__Your goal__
Write the data out again exactly, with every picture removed.

__Dataset content__
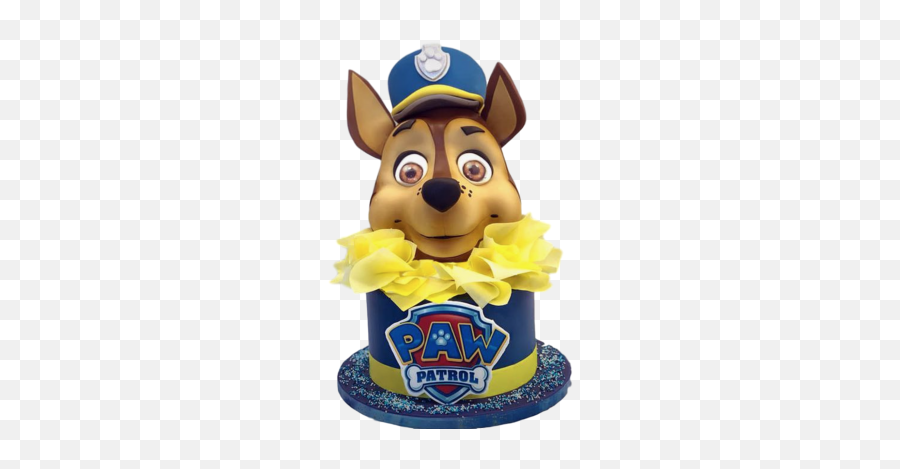 Chase Paw Patrol Cake - Paw Patrol Pup Cake Emoji,Emoji Cake Ideas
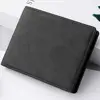 Multi-card Slot Men Wallet Fashion Folding Large-capacity Coin Purse PU Leather Short Purse 2
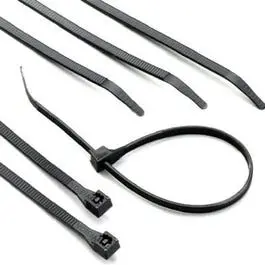 Cable Tie, Black, Nylon, 4-In., 30-Pk. 1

__Exercise answer__
 Chase Paw Patrol Cake - Paw Patrol Pup Cake Emoji,Emoji Cake Ideas
 Multi-card Slot Men Wallet Fashion Folding Large-capacity Coin Purse PU Leather Short Purse 2
 Cable Tie, Black, Nylon, 4-In., 30-Pk. 1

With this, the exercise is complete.